However, India has historically had a strong society, which prevented tyranny by the state. An Indian was defined by his village, caste and family, not by the state (as in China). The law—dharma--also emerged from society, not the state, and was later codified in Dharmashastras. But that old society is now changing. As Adam Smith predicted in The Wealth of Nations, the growth of markets would lead to a division of labour and new social groups would emerge. Open access to markets and job mobility would undermine traditional social authority, replacing it with more flexible, voluntary groups. Two decades of high growth is doing that and Anna’s movement reflects how it. The country is evolving from a traditional to a modern civil society. This is a positive thing for a modern democracy needs a vigorous civil society to keep it honest.

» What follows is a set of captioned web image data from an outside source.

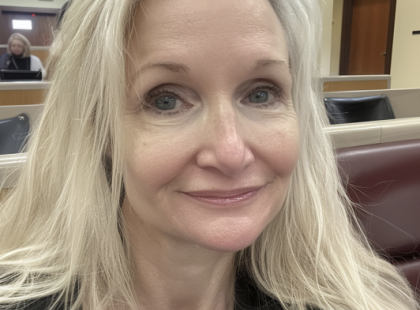 „A házasságom már jóval azelőtt véget ért, hogy bármiféle papírt aláírtunk volna. Miklósnak a csillogás és a külsőségek sokkal fontosabbak voltak, mint mi ketten. Nagy ház, drága autók – ha valami kiabálta, hogy 'Nézz rám!', ő azt akarta. Szóval amikor végül közölte, hogy válni akar, nem lepődtem meg. Ami viszont megdöbbentett, az a gyorsasága és mohósága. 'A házat, az autót, a megtakarításokat akarom' – mondta önelégült mosollyal, majd hozzám vágta a morzsákat, a személyes dolgaimat, mintha az valami nagyvonalú ajánlat lenne.
Csak mosolyogtam és bólintottam. Hagytam, hogy mindent elvigyen, mert tudtam, mi jön ezután. Az ügyvédem őrültnek nézett, de mondtam neki, hogy engedje csak Miklóst nyerni. Aláírtuk a papírokat, és én még aznap délután elköltöztem, készen arra, hogy új életet kezdjek. De nem mielőtt megtettem volna az utolsó hívást. Minden elő volt készítve.
Másnap reggel a telefonom csörgött. Miklós hívott, teljesen dühöngött. 'MIT MŰVELTÉL?!' – ordította. 'Ó, Miklós,' – válaszoltam alig visszafojtott nevetéssel –, 'Mi a baj?'??⬇️⬇️⬇️A teljes történet az ELSő kommentben található.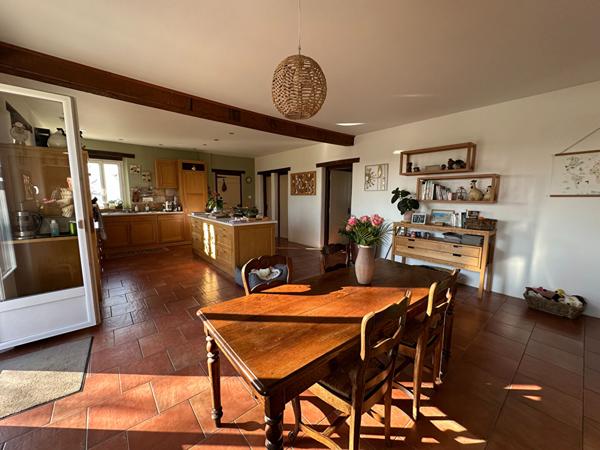 A Vendre Maison 8 pieces 5 chambres 292 m2 terrain piscine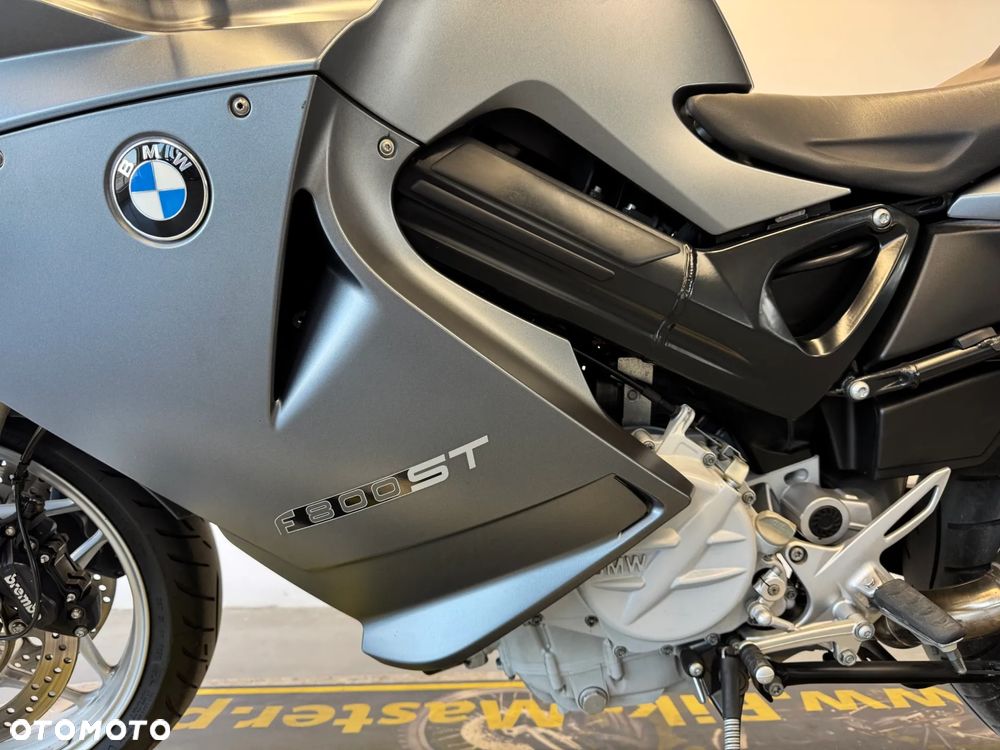 BMW F - 24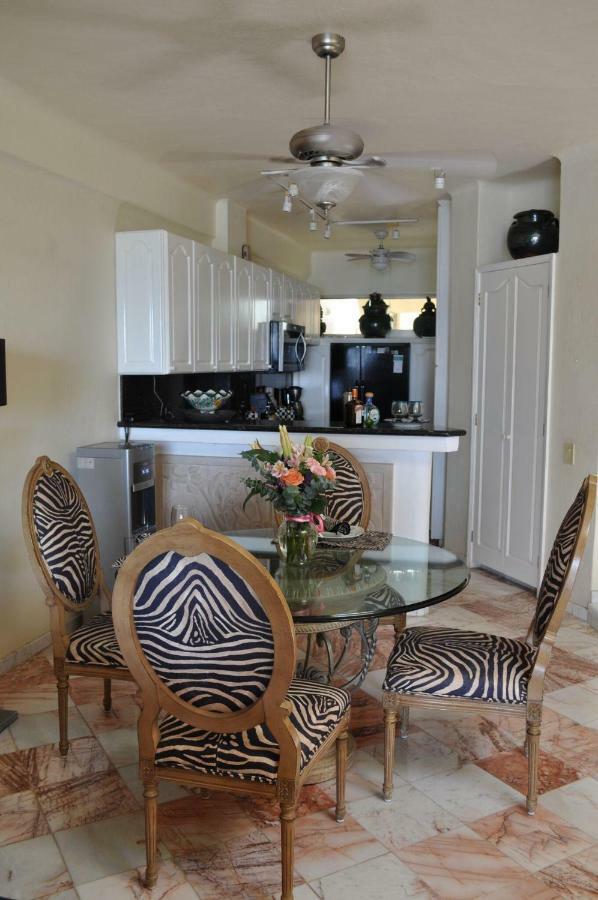 Quinta Del Mar Oceanfront Condo- Penthouse With Roof Top Patio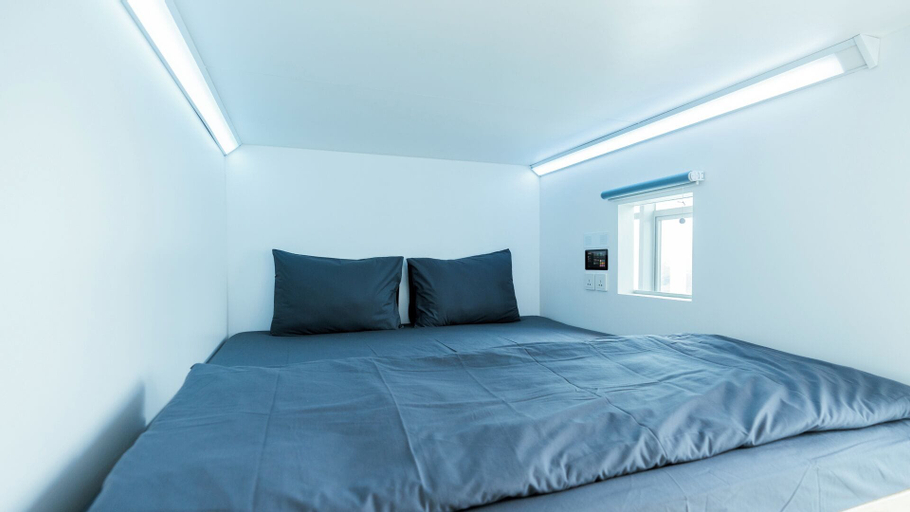 Bedroom 15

The past twenty years of capitalist growth have made India one of the world’s fastest growing economies. The contrast between a successful private economy and a weak, public order has led to the impression that India might be able to manage without a strong state. But markets do not work in a vacuum. They need a network of regulations and regulators to enforce them. In the past two decades good regulators have definitely contributed to India’s economic success. The telecom revolution was partly ushered by its first regulator (TRAI) under Justice S. S. Sodhi and B.K. Zutshi, who were strong enough to withstand pressures from the Telecom Department, which wanted to weaken private mobile companies. Stock exchanges have been strengthened by SEBI, the capital market regulator. The Reserve Bank’s oversight of banking has improved and matured. The insurance and pension regulators have also earned their spurs. On the other hand, power regulators in the centre and the states are mostly spineless, self-serving, retired babus, who have failed to implement Electricity Act 2003, and prevented a power revolution in India.

A ‘strong state’ usually carries a bad odour, conjuring up authoritarian images of Nazi Germany or Soviet Russia. A ‘liberal, strong state’ is, however, not oppressive. It is efficient, enabling and tough against law-breakers. It punishes the corrupt swiftly. But it also protects liberties and dissent and enjoys legitimacy among the governed. A strong civil society is needed to hold such a state accountable. More than ever, Indians today need to make a liberal case for such a strong state.